ElasticGraph::IndexerLambda

Adapts elasticgraph-indexer to run in an AWS Lambda.

SQS Message Payload Format

We use JSON Lines to encode our indexing events. It is just individual JSON objects delimited by a newline control character(not the \n string sequence), such as:

{"op": "upsert", "__typename": "Payment", "id": "123", "version": "1", "record": {...} }
{"op": "upsert", "__typename": "Payment", "id": "123", "version": "2", record: {...} }
{"op": "delete", "__typename": "Payment", "id": "123", "version": "3"}

However, due to SQS message size limit, we have to batch our events carefully so each batch is below the size limit. This makes payload encoding a bit more complicated on the publisher side because each message has a size limit.

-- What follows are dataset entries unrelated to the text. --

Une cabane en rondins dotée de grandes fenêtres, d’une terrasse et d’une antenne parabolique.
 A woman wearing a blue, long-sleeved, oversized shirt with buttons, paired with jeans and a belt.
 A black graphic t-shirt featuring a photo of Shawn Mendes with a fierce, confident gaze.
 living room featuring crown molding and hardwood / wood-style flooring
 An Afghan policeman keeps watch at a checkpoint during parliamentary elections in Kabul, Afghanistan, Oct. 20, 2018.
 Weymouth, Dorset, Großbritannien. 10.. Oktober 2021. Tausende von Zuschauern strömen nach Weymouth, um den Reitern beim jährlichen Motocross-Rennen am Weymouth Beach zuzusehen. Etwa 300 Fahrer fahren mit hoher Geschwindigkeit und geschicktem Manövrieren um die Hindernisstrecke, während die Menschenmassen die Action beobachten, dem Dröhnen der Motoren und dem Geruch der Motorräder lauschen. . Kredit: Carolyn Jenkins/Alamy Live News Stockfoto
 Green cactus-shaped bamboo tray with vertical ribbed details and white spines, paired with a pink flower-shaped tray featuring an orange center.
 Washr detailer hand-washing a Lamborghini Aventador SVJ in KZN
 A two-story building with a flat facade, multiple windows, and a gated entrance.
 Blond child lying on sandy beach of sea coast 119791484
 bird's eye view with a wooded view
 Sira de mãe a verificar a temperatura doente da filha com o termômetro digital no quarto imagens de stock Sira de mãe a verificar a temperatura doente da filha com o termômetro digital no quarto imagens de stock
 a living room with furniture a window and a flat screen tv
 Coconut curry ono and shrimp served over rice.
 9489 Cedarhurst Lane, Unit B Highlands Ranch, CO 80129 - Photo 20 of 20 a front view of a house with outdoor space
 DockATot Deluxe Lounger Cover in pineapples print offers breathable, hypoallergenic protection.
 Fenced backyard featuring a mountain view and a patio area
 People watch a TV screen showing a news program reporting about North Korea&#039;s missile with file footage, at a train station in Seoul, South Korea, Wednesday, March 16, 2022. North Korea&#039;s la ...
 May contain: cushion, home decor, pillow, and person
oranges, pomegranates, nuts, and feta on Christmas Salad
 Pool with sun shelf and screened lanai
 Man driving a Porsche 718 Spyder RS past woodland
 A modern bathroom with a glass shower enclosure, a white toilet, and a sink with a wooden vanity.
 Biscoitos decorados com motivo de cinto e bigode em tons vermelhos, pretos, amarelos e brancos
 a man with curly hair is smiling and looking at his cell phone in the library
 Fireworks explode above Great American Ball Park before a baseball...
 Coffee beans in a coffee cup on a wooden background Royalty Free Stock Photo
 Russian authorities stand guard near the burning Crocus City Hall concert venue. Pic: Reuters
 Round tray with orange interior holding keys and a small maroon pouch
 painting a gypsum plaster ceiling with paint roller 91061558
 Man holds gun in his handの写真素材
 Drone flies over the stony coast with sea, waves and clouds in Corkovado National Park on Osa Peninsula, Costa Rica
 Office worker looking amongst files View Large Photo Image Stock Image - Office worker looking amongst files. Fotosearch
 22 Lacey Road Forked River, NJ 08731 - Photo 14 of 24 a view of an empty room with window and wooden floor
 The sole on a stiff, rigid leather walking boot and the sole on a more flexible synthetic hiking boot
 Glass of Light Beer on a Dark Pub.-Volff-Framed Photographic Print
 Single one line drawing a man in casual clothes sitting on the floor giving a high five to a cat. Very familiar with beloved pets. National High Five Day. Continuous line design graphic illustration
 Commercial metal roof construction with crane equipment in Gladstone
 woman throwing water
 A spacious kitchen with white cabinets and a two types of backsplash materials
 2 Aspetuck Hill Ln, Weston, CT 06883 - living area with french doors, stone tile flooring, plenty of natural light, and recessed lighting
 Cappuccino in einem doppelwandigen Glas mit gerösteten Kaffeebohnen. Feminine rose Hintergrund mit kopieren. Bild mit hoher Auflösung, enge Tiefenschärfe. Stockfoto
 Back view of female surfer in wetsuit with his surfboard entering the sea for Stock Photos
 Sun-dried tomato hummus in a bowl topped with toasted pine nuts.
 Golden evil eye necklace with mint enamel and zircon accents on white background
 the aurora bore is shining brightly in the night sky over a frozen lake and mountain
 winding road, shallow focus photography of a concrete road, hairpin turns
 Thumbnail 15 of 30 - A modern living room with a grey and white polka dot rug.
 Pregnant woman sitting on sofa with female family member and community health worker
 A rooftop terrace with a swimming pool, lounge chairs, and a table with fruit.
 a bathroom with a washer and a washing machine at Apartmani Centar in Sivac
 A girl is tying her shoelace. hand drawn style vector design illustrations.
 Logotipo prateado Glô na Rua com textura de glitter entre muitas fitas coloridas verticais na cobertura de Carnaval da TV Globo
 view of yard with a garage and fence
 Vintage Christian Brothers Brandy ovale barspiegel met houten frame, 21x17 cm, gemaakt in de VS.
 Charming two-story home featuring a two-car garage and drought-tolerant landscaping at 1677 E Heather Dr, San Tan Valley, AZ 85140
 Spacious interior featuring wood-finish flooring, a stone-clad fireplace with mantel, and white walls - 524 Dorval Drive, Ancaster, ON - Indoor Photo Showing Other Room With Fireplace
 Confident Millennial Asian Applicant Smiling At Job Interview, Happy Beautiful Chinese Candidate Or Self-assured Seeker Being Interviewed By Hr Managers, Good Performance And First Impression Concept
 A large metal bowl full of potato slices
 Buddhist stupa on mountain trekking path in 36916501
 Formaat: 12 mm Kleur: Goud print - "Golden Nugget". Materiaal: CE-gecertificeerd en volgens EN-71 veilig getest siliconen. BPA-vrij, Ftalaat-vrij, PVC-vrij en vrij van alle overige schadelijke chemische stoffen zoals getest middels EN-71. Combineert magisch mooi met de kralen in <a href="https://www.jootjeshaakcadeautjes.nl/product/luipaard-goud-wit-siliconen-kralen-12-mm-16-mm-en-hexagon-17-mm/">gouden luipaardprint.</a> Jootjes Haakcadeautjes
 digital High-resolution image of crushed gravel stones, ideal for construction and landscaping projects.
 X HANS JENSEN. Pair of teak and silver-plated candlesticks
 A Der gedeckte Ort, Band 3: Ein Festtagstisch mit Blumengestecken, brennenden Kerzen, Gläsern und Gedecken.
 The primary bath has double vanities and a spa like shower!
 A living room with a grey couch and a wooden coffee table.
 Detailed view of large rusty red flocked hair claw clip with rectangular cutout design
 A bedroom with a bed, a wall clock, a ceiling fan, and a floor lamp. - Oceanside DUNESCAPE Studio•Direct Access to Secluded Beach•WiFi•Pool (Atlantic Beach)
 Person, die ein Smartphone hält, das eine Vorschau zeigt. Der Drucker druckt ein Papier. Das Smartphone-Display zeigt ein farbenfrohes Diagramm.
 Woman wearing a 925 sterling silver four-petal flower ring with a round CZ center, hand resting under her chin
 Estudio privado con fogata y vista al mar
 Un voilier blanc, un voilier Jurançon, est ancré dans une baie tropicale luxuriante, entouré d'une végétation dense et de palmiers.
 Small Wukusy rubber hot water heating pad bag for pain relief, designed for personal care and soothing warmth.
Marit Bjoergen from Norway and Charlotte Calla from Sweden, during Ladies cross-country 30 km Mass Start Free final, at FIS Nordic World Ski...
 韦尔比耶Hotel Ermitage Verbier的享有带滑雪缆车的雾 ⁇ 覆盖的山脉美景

The following code snippet respects the max message size limit and sends JSON Lines payloads with proper size:

def partition_into_acceptably_sized_chunks(batch, max_size_per_chunk)
  chunk_size = 0
  batch
    .map { |item| JSON.generate(item) }
    .slice_before do |json|
      chunk_size += (json.bytesize + 1)
      (chunk_size > max_size_per_chunk).tap { |chunk_done| chunk_size = 0 if chunk_done }
     end
    .map { |chunk| chunk.join("\n") }
end